(Dataset records)
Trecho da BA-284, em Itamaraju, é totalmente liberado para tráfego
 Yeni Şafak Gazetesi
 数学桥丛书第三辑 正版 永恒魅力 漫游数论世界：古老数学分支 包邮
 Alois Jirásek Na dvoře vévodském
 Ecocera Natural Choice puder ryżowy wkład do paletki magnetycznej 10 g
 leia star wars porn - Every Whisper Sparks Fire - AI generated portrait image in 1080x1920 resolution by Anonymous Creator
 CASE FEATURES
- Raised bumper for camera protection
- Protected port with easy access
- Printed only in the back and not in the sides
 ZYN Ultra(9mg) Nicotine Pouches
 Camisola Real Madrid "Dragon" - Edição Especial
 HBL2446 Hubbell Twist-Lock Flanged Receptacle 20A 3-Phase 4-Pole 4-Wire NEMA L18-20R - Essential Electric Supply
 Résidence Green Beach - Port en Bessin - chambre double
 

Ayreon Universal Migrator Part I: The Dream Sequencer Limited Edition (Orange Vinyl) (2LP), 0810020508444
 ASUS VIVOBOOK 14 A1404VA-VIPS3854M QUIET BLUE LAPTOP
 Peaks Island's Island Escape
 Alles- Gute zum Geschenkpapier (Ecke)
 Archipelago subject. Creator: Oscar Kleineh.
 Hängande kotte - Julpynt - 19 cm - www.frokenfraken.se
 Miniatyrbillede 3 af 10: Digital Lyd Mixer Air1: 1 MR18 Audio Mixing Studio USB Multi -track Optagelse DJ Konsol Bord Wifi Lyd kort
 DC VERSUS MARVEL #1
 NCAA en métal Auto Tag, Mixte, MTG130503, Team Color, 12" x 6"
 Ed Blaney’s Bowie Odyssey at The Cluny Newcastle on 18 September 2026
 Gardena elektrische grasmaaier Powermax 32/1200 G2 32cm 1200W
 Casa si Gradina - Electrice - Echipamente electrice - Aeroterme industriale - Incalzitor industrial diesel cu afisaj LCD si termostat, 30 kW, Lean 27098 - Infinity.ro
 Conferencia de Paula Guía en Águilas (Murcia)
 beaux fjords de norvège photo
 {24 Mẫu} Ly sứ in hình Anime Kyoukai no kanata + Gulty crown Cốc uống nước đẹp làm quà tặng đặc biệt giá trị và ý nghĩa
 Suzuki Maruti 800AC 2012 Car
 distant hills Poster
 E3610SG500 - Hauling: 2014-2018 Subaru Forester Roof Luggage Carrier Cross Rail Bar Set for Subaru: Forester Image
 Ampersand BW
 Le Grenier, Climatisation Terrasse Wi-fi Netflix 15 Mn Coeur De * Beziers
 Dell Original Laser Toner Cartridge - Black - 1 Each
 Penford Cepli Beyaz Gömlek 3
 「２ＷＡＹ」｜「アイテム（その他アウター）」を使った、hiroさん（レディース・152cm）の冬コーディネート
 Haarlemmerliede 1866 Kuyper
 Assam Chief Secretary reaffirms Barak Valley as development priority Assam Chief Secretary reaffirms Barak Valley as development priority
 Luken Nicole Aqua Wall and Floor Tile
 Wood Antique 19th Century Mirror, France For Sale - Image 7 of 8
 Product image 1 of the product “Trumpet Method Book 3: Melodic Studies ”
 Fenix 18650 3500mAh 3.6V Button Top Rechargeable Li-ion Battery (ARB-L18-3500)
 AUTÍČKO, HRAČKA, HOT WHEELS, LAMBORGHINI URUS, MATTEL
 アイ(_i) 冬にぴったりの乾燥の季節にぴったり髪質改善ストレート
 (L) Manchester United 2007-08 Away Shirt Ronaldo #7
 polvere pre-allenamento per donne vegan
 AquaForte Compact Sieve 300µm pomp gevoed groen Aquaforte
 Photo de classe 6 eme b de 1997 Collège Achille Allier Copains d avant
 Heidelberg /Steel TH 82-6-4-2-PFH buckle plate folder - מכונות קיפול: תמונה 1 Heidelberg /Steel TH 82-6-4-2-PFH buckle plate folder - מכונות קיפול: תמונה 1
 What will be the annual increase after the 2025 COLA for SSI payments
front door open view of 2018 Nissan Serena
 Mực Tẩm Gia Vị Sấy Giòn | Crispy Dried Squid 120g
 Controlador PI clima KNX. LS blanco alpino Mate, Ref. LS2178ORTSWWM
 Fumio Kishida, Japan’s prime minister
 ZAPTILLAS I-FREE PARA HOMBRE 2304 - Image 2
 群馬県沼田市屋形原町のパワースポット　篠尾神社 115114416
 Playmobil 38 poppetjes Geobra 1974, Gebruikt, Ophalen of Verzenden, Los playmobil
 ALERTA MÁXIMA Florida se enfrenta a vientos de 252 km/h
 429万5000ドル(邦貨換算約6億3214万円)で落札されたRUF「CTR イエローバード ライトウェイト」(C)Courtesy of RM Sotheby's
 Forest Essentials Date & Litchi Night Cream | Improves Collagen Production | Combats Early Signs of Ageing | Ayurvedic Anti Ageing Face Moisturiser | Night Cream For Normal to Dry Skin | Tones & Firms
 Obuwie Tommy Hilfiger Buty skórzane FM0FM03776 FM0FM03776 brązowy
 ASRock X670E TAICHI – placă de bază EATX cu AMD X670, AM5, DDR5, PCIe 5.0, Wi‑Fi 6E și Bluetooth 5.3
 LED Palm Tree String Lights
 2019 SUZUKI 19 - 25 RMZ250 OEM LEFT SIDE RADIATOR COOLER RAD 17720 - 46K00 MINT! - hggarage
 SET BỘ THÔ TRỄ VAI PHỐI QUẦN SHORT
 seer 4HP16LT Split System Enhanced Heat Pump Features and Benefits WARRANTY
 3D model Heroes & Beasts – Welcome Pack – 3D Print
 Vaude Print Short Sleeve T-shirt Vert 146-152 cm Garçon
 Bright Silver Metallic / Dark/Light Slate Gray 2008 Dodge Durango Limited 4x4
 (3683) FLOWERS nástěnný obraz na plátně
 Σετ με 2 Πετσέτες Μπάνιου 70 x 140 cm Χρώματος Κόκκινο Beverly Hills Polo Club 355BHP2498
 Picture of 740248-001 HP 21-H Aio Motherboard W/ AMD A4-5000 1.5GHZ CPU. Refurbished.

## [REQUIRED WORK]
Starting at the line above that holds "ASUS VIVOBOOK 14" and ending at the line that holds "development priority Assam", transcribe each line exactly and include no other lines.

## [EXPECTED OUTPUT]
 ASUS VIVOBOOK 14 A1404VA-VIPS3854M QUIET BLUE LAPTOP
 Peaks Island's Island Escape
 Alles- Gute zum Geschenkpapier (Ecke)
 Archipelago subject. Creator: Oscar Kleineh.
 Hängande kotte - Julpynt - 19 cm - www.frokenfraken.se
 Miniatyrbillede 3 af 10: Digital Lyd Mixer Air1: 1 MR18 Audio Mixing Studio USB Multi -track Optagelse DJ Konsol Bord Wifi Lyd kort
 DC VERSUS MARVEL #1
 NCAA en métal Auto Tag, Mixte, MTG130503, Team Color, 12" x 6"
 Ed Blaney’s Bowie Odyssey at The Cluny Newcastle on 18 September 2026
 Gardena elektrische grasmaaier Powermax 32/1200 G2 32cm 1200W
 Casa si Gradina - Electrice - Echipamente electrice - Aeroterme industriale - Incalzitor industrial diesel cu afisaj LCD si termostat, 30 kW, Lean 27098 - Infinity.ro
 Conferencia de Paula Guía en Águilas (Murcia)
 beaux fjords de norvège photo
 {24 Mẫu} Ly sứ in hình Anime Kyoukai no kanata + Gulty crown Cốc uống nước đẹp làm quà tặng đặc biệt giá trị và ý nghĩa
 Suzuki Maruti 800AC 2012 Car
 distant hills Poster
 E3610SG500 - Hauling: 2014-2018 Subaru Forester Roof Luggage Carrier Cross Rail Bar Set for Subaru: Forester Image
 Ampersand BW
 Le Grenier, Climatisation Terrasse Wi-fi Netflix 15 Mn Coeur De * Beziers
 Dell Original Laser Toner Cartridge - Black - 1 Each
 Penford Cepli Beyaz Gömlek 3
 「２ＷＡＹ」｜「アイテム（その他アウター）」を使った、hiroさん（レディース・152cm）の冬コーディネート
 Haarlemmerliede 1866 Kuyper
 Assam Chief Secretary reaffirms Barak Valley as development priority Assam Chief Secretary reaffirms Barak Valley as development priority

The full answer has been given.